Certo, l’Italia ha un peso internazionale diverso, una posizione di privilegio che, seppur con le difficoltà di ogni tipo, il paese cerca di mantenere anche attraverso le immagini simboliche delle nostre cariche istituzionali. Così in armonia con questo stile, sarebbe scandaloso prendere la parola e fare un discorso rivoluzionario di fronte alla Conferenza delle Nazioni Unite sullo Sviluppo Sostenibile.

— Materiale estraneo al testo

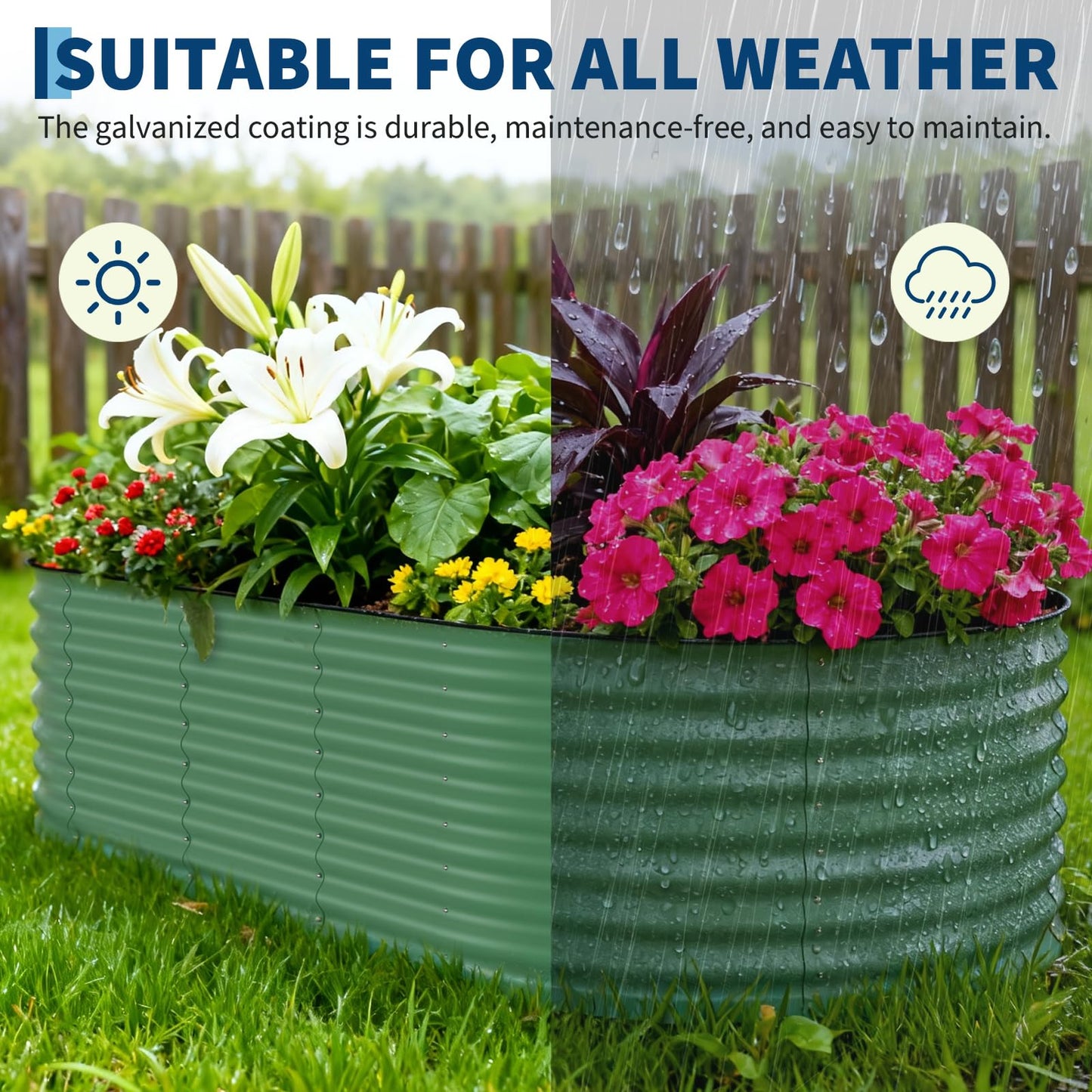 Garvee 2 Pack 10x4x1.5ft Galvanized Raised Garden Bed Kit, Oval Metal Planter Boxes with Anti-Cut Safety Edges, Rust-Resistant Deep Root Planters for Outdoor Vegetables, Flowers, Herbs, Green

Per questo non basta la sobrietà, la saggezza, l’equilibrio ma bisogna essere grandi uomini che sanno denunciare l’assurdità dei modelli culturali ed economici del capitalismo contemporaneo. Grandi uomini come Mujica che non ha neanche bisogno di scriverseli i discorsi, pronunciandoli a braccio senza tentennamenti e con un eloquente florilegio di citazioni. Nel giugno del 2012 di fronte alla platea mondiale riunita dall’ONU a Rio de Janeiro, il presidente uruguayano concludeva così il suo appassionato intervento: “ … Veniamo alla luce per essere felici. Perché la vita è corta e se ne va via rapidamente. E nessun bene vale come la vita, questo è elementare. Ma se la vita mi scappa via, lavorando e lavorando per consumare un plus e la società di consumo è il motore, perché, in definitiva, se si paralizza il consumo, si ferma l’economia, e se si ferma l’economia, appare il fantasma del ristagno per ognuno di noi. Ma questo iper-consumo è lo stesso che sta aggredendo il pianeta. I vecchi pensatori – Epicuro, Seneca o finanche gli Aymara – dicevano: povero non è colui che tiene poco, ma colui che necessita tanto e desidera ancora di più e più. Queste cose che dico sono molto elementari: lo sviluppo non può essere contrario alla felicità. Deve essere a favore della felicità umana; dell’amore sulla Terra, delle relazioni umane, dell’attenzione ai figli, dell’avere amici, dell’avere il giusto, l’elementare. Precisamente. Perché è questo il tesoro più importante che abbiamo: la felicità!”.
La riflessione non è semplicemente filosofica, anche se sembra insistere sulla traccia di un pensiero del Dalai Lama quando dice che “a livello nazionale e mondiale abbiamo bisogno di un sistema economico che ci aiuti a perseguire la vera felicità. Il fine dello sviluppo economico dovrebbe essere quello di facilitare e di non ostacolare il raggiungimento della felicità”. Per il Presidente è chiaro che : "questi sono problemi di carattere politico che ci stanno indicando che é ora di cominciare a lottare per un'altra cultura. Non si tratta di immaginarci il ritorno all'epoca dell'uomo delle caverne, né di avere un monumento all'arretratezza.
Peró non possiamo continuare, indefinitamente, governati dal mercato, dobbiamo cominciare a governare il mercato." Come era prevedibile i media in carico ai grandi della Terra hanno saputo mettere in evidenza i contenuti di questo intervento con un impenetrabile silenzio. Mi piacerebbe ascoltare un politico italiano che in merito a Mujica riprendesse il motto intorno al quale si riconoscevano gli ideali dei Tupamaros: “il mondo ci divide; l'azione ci unisce”.